> [Work instruction]: Reproduce exactly, from the data that follows, the line with "Delphini 1 - Salamander", the line with "Neuschwanstein-Castle-Photo-2356918374.jpg", and every line that lies between them.

┄┄┄┄┄┄

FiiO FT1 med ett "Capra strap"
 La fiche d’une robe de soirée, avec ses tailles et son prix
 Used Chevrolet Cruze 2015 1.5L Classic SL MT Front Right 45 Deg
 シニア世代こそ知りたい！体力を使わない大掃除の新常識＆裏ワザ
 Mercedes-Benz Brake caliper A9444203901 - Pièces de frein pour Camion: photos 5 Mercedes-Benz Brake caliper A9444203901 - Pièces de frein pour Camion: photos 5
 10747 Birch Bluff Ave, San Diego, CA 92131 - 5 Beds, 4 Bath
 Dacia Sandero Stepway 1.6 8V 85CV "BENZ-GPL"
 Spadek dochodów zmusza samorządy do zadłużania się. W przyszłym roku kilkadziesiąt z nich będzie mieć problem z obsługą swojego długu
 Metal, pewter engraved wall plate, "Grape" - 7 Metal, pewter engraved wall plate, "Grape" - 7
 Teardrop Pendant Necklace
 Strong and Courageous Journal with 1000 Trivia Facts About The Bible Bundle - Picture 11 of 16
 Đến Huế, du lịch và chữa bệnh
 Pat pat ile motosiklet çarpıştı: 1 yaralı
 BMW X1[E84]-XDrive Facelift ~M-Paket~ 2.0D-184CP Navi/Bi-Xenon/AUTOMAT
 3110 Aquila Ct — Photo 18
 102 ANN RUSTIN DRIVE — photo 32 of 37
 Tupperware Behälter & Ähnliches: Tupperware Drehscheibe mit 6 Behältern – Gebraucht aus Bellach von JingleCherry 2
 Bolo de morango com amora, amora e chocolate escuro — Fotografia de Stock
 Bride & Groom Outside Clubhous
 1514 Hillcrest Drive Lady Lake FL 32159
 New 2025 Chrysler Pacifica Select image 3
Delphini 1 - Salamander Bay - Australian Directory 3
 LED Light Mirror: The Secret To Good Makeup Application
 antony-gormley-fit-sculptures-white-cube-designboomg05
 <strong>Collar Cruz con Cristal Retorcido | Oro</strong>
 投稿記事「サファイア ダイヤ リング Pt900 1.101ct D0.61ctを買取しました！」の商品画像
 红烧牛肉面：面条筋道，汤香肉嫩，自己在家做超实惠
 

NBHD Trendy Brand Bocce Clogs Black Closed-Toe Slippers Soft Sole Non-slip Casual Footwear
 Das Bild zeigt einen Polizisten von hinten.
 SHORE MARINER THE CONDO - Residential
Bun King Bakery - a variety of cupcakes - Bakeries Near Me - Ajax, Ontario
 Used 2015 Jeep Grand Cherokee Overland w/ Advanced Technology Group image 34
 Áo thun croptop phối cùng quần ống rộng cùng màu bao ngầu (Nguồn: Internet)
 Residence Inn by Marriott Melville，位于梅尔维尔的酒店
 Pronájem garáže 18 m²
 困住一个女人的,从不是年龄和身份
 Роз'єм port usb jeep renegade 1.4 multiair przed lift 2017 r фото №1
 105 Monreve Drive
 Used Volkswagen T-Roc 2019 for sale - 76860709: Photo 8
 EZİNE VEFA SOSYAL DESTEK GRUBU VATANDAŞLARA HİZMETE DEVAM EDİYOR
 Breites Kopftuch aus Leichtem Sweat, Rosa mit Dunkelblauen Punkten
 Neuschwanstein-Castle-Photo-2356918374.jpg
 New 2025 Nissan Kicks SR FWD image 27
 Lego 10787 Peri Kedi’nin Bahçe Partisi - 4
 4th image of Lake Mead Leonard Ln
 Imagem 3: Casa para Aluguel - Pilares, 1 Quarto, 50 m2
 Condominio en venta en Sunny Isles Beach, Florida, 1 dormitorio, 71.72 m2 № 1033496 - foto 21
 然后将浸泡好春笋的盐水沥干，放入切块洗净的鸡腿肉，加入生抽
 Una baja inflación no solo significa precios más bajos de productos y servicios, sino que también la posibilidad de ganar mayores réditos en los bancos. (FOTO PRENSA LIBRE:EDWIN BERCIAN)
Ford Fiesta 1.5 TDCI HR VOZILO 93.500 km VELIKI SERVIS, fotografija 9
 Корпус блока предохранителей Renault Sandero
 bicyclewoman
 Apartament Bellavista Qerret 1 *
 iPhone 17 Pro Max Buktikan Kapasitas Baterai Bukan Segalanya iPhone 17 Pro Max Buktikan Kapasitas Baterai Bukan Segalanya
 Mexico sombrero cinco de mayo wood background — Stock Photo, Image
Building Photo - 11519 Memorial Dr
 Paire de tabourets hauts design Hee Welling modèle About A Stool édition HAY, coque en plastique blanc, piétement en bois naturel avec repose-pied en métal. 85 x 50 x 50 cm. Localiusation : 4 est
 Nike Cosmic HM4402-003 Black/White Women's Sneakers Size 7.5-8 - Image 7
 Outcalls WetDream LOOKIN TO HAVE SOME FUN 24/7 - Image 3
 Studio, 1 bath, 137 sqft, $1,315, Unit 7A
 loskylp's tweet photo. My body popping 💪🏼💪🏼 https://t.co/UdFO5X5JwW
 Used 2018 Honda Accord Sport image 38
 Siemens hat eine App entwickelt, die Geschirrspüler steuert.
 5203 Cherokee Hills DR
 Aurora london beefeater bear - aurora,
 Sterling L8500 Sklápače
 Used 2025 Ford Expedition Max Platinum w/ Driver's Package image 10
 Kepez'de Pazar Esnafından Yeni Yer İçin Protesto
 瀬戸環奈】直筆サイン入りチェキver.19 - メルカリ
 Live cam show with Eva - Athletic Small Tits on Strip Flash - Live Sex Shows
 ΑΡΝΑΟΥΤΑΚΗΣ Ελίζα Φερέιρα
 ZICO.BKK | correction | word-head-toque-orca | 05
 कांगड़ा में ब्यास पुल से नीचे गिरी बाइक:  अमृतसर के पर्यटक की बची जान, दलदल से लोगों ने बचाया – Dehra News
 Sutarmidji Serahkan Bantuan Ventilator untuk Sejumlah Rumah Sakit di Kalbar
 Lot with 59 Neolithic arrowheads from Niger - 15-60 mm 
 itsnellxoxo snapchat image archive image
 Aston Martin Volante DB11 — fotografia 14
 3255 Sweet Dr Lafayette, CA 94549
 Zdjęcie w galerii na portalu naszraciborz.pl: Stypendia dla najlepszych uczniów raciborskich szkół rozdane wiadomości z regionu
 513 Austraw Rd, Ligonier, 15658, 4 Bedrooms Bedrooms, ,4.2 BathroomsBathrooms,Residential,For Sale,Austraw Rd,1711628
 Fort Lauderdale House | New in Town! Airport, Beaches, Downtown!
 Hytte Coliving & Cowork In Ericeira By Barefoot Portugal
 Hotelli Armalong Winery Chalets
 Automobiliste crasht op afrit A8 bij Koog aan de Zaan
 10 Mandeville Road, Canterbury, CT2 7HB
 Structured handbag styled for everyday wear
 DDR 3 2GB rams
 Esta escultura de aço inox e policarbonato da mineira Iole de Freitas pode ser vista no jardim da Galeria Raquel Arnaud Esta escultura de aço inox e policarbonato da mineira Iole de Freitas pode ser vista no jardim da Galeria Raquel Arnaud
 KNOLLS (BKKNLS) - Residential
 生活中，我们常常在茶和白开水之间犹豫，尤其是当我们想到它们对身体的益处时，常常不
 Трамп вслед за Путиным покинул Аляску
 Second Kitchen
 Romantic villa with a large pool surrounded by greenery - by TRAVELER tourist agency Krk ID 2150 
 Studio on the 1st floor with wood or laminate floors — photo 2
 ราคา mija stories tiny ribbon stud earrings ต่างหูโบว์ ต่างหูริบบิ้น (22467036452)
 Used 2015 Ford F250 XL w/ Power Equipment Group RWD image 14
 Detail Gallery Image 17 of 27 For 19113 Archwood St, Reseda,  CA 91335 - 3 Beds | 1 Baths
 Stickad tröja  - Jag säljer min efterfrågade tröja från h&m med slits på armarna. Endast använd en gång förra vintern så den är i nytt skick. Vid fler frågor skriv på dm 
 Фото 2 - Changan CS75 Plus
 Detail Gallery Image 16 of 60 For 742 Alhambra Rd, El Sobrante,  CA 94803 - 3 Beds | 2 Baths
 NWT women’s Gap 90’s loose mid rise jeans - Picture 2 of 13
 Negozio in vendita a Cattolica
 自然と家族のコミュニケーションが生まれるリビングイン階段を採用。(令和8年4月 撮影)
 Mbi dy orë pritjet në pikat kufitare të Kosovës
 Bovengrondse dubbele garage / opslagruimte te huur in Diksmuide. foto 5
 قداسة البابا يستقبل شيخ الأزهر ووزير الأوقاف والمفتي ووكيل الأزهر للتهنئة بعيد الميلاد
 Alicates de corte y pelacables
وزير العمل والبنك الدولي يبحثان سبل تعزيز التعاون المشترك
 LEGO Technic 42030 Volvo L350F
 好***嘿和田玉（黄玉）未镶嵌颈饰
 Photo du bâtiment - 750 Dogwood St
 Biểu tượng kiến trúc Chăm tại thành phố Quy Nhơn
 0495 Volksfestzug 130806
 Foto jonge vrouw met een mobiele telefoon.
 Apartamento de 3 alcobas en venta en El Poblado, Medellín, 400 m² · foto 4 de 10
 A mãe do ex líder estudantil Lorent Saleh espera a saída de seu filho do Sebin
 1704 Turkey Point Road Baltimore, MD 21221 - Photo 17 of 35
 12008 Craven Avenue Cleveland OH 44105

┄┄┄┄┄┄

> [Response to this task]:
Delphini 1 - Salamander Bay - Australian Directory 3
 LED Light Mirror: The Secret To Good Makeup Application
 antony-gormley-fit-sculptures-white-cube-designboomg05
 <strong>Collar Cruz con Cristal Retorcido | Oro</strong>
 投稿記事「サファイア ダイヤ リング Pt900 1.101ct D0.61ctを買取しました！」の商品画像
 红烧牛肉面：面条筋道，汤香肉嫩，自己在家做超实惠
 

NBHD Trendy Brand Bocce Clogs Black Closed-Toe Slippers Soft Sole Non-slip Casual Footwear
 Das Bild zeigt einen Polizisten von hinten.
 SHORE MARINER THE CONDO - Residential
Bun King Bakery - a variety of cupcakes - Bakeries Near Me - Ajax, Ontario
 Used 2015 Jeep Grand Cherokee Overland w/ Advanced Technology Group image 34
 Áo thun croptop phối cùng quần ống rộng cùng màu bao ngầu (Nguồn: Internet)
 Residence Inn by Marriott Melville，位于梅尔维尔的酒店
 Pronájem garáže 18 m²
 困住一个女人的,从不是年龄和身份
 Роз'єм port usb jeep renegade 1.4 multiair przed lift 2017 r фото №1
 105 Monreve Drive
 Used Volkswagen T-Roc 2019 for sale - 76860709: Photo 8
 EZİNE VEFA SOSYAL DESTEK GRUBU VATANDAŞLARA HİZMETE DEVAM EDİYOR
 Breites Kopftuch aus Leichtem Sweat, Rosa mit Dunkelblauen Punkten
 Neuschwanstein-Castle-Photo-2356918374.jpg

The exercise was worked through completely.